- [Given entries]
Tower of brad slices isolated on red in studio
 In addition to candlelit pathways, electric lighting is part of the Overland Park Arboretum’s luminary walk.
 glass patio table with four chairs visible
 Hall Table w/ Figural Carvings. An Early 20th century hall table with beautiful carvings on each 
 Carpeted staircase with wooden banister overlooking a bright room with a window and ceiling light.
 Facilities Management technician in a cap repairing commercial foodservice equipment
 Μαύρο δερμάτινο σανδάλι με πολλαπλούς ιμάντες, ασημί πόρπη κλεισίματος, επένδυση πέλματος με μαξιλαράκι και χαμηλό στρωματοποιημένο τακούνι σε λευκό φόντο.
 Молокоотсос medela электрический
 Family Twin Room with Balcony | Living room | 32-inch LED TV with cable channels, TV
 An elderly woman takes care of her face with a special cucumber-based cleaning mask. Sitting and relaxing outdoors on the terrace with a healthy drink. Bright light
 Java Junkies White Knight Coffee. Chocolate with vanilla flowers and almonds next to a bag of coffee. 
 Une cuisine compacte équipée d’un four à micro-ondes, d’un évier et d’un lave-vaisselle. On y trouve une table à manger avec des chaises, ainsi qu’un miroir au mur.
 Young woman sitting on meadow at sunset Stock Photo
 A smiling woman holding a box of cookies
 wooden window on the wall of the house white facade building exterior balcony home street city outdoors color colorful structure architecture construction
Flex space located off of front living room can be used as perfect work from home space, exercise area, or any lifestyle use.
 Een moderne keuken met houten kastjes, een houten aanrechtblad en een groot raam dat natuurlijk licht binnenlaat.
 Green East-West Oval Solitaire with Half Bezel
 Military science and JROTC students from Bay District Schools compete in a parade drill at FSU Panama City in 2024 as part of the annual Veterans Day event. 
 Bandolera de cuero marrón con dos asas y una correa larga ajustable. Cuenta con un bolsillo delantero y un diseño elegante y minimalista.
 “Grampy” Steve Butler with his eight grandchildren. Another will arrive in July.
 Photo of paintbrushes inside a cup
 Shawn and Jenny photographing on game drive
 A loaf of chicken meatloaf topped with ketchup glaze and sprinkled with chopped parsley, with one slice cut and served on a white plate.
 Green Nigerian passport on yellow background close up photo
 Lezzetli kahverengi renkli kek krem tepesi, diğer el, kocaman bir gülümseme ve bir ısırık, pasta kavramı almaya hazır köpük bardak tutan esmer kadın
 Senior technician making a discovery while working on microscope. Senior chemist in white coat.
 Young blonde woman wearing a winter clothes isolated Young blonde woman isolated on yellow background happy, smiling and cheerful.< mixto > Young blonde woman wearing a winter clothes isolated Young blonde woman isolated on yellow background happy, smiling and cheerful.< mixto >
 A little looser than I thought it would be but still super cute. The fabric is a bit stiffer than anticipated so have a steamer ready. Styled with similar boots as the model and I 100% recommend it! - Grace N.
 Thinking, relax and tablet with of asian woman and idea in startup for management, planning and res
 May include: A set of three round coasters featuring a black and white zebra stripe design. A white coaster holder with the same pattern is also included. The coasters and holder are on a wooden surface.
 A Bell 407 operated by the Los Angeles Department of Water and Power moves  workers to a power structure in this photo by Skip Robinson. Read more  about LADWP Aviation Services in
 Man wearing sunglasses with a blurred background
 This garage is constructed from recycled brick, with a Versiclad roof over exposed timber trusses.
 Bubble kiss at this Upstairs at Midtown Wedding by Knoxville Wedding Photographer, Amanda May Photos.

- [Assignment] Both the line containing "A little looser" and the line containing "Thinking, relax and" belong in the answer. Print them and every line above that falls between them exactly, and no others.

- [Answer to this exercise]
 A little looser than I thought it would be but still super cute. The fabric is a bit stiffer than anticipated so have a steamer ready. Styled with similar boots as the model and I 100% recommend it! - Grace N.
 Thinking, relax and tablet with of asian woman and idea in startup for management, planning and res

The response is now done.